California voters don’t get a say about the governor’s Delta tunnels plan, but that hasn’t stopped organizations such as the Delta Counties Coalition from continuing to work to halt the project.

Written by Don Nottoli, Chuck Winn Published on Read time Approx. 2 minutes
Water is held back from a lower-elevation farm by a section of Highway 4 that serves as a levee road in the Sacramento-San Joaquin River Delta west of Stockton, California.David McNew/Getty Images

The California primary election on June 5 will give voters the opportunity to decide on candidates and critical issues that will have major state and local impacts. It’s how the democratic process should work. That’s not the case for Governor Jerry Brown’s $17 billion twin tunnels project, known as WaterFix, which completely bypasses a vote of the people.

WaterFix will result in sizable rate increases for tens of millions of Californians living in the Metropolitan Water District (MWD) service area. Deep-pocketed water districts that decimated the Owens Valley still have tunnel vision. When all seemed lost for the tunnels and financing could not be agreed upon, MWD, intent on locking in a huge water grab, agreed to fund most of the tunnels project, hypothesizing that it could squeeze substantial funds from other water districts when they got thirsty down the road.

Influenced by MWD, the Santa Clara Valley Water District, which unanimously declined to financially support WaterFix last fall, reversed its position and voted to contribute up to $650 million after receiving the full $485 million in funding from the California Water Commission for the Pacheco project that the water district had been seeking. This got Santa Clara two seats on the newly formed Joint Powers Authority that will oversee the design and construction of WaterFix. If the district thought it would have a lead role at the decision table, it won’t, because MWD and others represent a majority on the Joint Powers Authority Board.

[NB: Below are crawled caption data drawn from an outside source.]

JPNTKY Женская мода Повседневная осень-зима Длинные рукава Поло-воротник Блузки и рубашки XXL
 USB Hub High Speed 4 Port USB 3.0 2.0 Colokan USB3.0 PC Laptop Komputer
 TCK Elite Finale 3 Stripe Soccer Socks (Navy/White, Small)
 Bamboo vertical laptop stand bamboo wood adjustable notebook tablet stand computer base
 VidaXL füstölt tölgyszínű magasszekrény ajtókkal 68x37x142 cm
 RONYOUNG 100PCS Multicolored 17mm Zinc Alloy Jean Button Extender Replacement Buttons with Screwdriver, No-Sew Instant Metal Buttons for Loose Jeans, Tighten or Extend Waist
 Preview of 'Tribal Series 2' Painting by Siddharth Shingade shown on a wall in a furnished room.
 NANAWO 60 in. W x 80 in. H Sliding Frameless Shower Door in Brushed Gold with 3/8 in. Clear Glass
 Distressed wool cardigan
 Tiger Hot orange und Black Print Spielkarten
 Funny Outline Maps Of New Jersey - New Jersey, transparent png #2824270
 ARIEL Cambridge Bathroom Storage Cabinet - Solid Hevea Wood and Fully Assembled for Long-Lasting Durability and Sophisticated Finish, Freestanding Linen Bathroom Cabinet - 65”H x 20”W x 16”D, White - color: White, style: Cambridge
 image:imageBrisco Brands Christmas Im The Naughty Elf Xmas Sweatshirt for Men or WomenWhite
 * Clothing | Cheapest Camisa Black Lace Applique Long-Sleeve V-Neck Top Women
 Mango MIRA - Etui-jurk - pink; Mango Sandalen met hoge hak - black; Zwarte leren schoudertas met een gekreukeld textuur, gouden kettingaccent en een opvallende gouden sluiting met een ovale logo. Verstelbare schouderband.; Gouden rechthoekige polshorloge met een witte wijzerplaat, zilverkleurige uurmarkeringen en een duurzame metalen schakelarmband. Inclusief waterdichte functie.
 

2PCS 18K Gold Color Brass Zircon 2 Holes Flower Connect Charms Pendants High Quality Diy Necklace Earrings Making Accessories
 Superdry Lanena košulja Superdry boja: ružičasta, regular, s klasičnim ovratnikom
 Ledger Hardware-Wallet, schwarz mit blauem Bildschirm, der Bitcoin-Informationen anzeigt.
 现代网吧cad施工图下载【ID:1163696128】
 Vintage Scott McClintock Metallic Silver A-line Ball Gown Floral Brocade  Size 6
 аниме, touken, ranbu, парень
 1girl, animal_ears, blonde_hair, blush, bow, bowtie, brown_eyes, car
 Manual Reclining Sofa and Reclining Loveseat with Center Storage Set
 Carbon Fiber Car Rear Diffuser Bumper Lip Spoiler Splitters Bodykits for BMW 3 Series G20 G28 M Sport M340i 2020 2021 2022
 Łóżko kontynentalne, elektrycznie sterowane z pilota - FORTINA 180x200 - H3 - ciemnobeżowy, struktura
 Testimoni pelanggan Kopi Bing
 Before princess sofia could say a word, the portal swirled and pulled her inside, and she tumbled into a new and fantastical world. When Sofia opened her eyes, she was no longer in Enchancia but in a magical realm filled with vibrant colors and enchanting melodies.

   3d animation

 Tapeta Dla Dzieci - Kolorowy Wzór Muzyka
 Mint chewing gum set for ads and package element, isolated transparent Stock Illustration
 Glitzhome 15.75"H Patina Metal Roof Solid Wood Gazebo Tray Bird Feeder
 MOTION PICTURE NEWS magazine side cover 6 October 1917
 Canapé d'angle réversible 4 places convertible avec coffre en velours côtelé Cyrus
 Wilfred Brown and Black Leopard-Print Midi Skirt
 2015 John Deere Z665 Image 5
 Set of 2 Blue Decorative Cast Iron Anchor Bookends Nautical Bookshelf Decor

Despite this latest hurdle, the Delta Counties Coalition, an alliance of the counties of Contra Costa, Sacramento, San Joaquin, Solano and Yolo, will continue to fight against WaterFix to protect the Sacramento-San Joaquin Delta and provide all Californians with better, reliable and less costly water solutions. Californians deserve 21st-century solutions that can more effectively meet our water needs and will not harm the Delta, such as projects that promote greater regional self-reliance, levee reinforcement, desalination and above-and-below-ground storage.

There is a finite capacity to generate ratepayer dollars for investments in water system improvements. WaterFix takes from opportunities to invest in more beneficial and cost-effective projects that, unlike WaterFix, add to the state’s water supply with fewer environmental impacts. Water interests in Kern County are global leaders in their ability to convey water from multiple sources, taking advantage of surface water flows in wet years to store excess water underground for use in droughts. Projects such as the Isabella Lake Dam Safety Modification Project will reduce the flood risk and protect an important water supply for the greater Bakersfield community.

While voters will not have a say about WaterFix at the ballot box next week, the Delta Counties Coalition and other statewide interests are aggressively pursuing actions to stop the tunnels. Governor Brown terms out this year and the next governor must know that you and most Californians are against it.

The views expressed in this article belong to the authors and do not necessarily reflect the editorial policy of Water Deeply.